_WORK INSTRUCTIONS_
Having found the line containing "Cylindre récepteur central/concentrique, NB-CSC015" in the records below, copy that line and each later one exactly, dropping pictures.
**** RECORDED INFORMATION ****
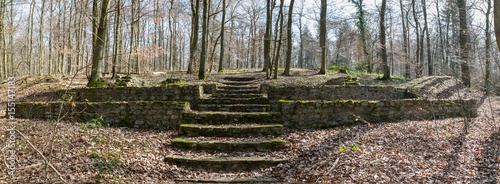 Merkur Tempel Koblenz photo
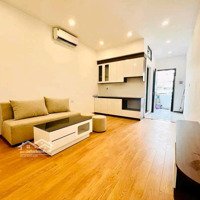 Bán Nhà Tập Thể Khu B Kim Liên, Đống Đa, 60 M2, 2 Ngủ, 2 Thoáng, Giá Bán 2.95Tỷ.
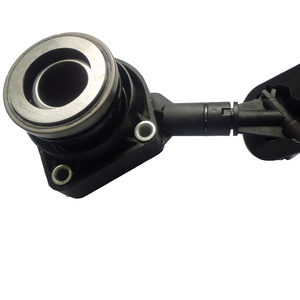 Cylindre récepteur central/concentrique, NB-CSC015 d'embrayage OEM 30759458 8689498 1590999 POUR FORD MAZDA VOLVO - Product Image 2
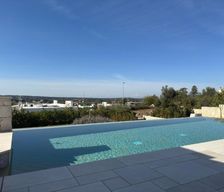Italy  Noci vacation rental compare prices direct by owner 36573330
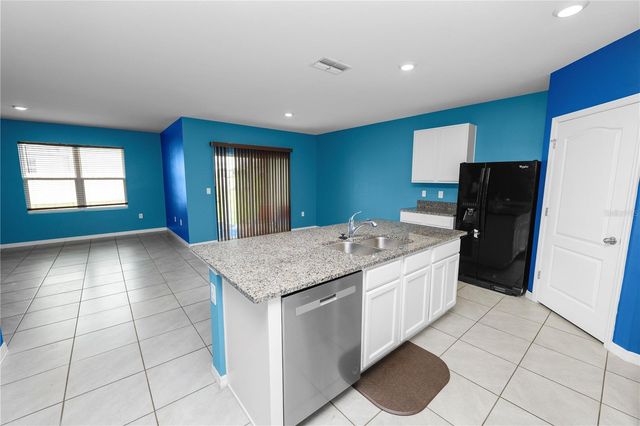 1810 EAGLE HAMMOCK BOULEVARD, Eagle Lake, FL 33839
****
_RESPONSE BELOW_
 Cylindre récepteur central/concentrique, NB-CSC015 d'embrayage OEM 30759458 8689498 1590999 POUR FORD MAZDA VOLVO - Product Image 2
Italy  Noci vacation rental compare prices direct by owner 36573330
 1810 EAGLE HAMMOCK BOULEVARD, Eagle Lake, FL 33839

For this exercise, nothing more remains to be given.